富士山は、今でこそ日本を代表する山であるが、いつからそう思われていたのだろうか。
それを考える上で、示唆的なものは、万葉集に詠まれた富士山の歌2首である。
一つは、万葉集を代表する歌人の1人、山部赤人の歌(巻の3)である。
良く知られているように、山部赤人は、叙景の達人であり、自然の風景を絵葉書のような美しさを表現した(伊藤博校注『万葉集』角川ソフィア文庫から)。
「天地(あめつち)の 分(わか)れし時ゆ 神(かむ)さびて 高く貴(たふと)き 駿河(するが)なる 富士の高嶺(たかね)を 天(あま)の原(はら) 振(ふ)り放(さ)け見れば 渡る日の 影(かげ)も隠(かく)らひ 照る月の 光りも見えず 白雲(しらくも)も い行きはばかり 時じくぞ 雪は降りける 語り継(つ)ぎ 言ひ継ぎ行かむ 富士の高嶺は
反歌
田子(たご)の浦ゆうち出(い)でて見れば真白(ましろ)にぞ富士の高嶺に雪は降りける」
これは、まさに富士山の姿の良さを風景描写したような叙景歌である。
今でもわれわれが持っている富士山のイメージそのままの姿であるといっていいだろう。
これに対して、別な視点から富士山を詠んだのが、伝説の歌人と言われる高橋虫麻呂である。
不思議なことに、山部赤人の歌に続いて掲示されているので、これは編纂者だったと言われている大伴家持の意図があるのだろう。
それほど同じ富士山を詠んでいながら、両者はまったく対照的である。
「なまよみの 甲斐(かい)の国 うち寄する 駿河(するが)の国と こちごちの 国のみ中(なか)ゆ 出(い)で立てる 富士の高嶺(たかね)は 天雲(あまくも)も い行きはばかり 飛ぶ鳥も 飛びも上(のぼ)らず 燃(も)ゆる火(ひ)を 雪もち消(け)ち 降る雪を 火もち消ちつつ 言ひも得(え)ず 名付(なづ)けも知らず くすしくも います神かも せの海と 名付けてあるも その山の 堤(つつ)める海ぞ 富士川と 人の渡るも その山の 水たぎちぞ 日本(ひのもと)の 大和(やまと)の国の 鎮(しづ)めとも います神かも 宝とも なれる山かも 駿河なる 富士の高嶺は 見れど飽(あ)かぬかも
反歌
富士の嶺(ね)に降り置く雪は六月(みなつき)十五日(ち)に消(け)ぬればその夜(よ)降りけり
富士の嶺(ね)を高み畏(かしこ)み天雲(あまくも)い行きはばかりたなびくものを」
この虫麻呂の歌は、活火山だった富士山の不気味な側面、叙景では見えない神秘的なたたずまい、存在感を写し取っている。

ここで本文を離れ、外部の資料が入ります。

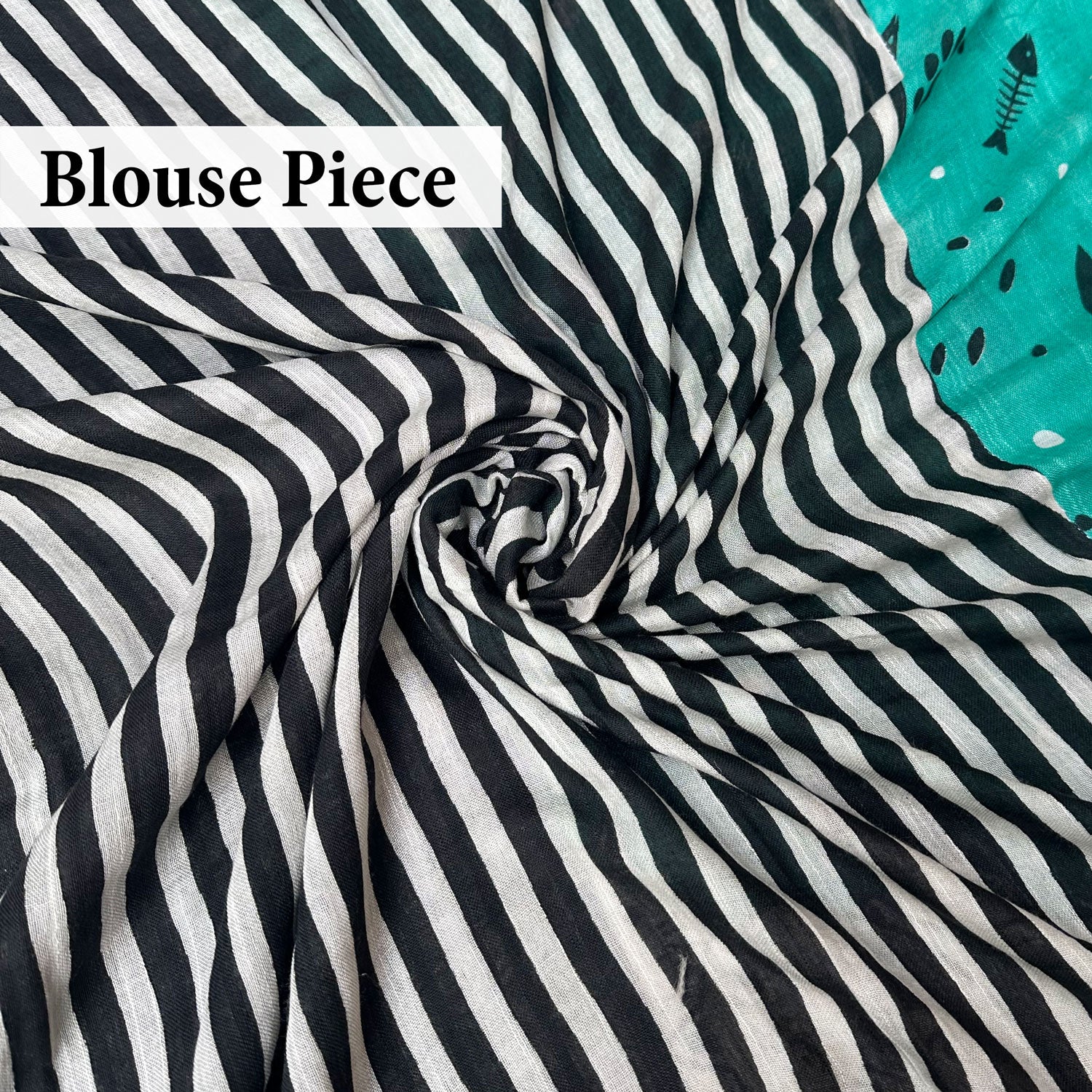 Cat Nap Playtime teal cotton print saree with stripe blouse, Zoomies Collection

虫麻呂が果たして富士山に登ったことがあるのかどうかはわからないが、少なくともそうした経験がないと詠めない描写であることは間違いない。
この2首の和歌を見ると、当時の人々にとって、富士山がどう見えていたのか、思われていたのかがうかがえる。
山部赤人は、富士山を遠景で見ていて、それを褒めているという印象だ。
いわば、旅人が風景を楽しんでいるといった感じである。
この山部の歌を見ると、富士山はその存在感から、見るべき名勝であるが、登るという対象ではないことがわかる。
逆に言うと、都会人、当時の文化・政治の中心だった都に住んでいた赤人は、合理的な精神から富士山を見ていたということができる。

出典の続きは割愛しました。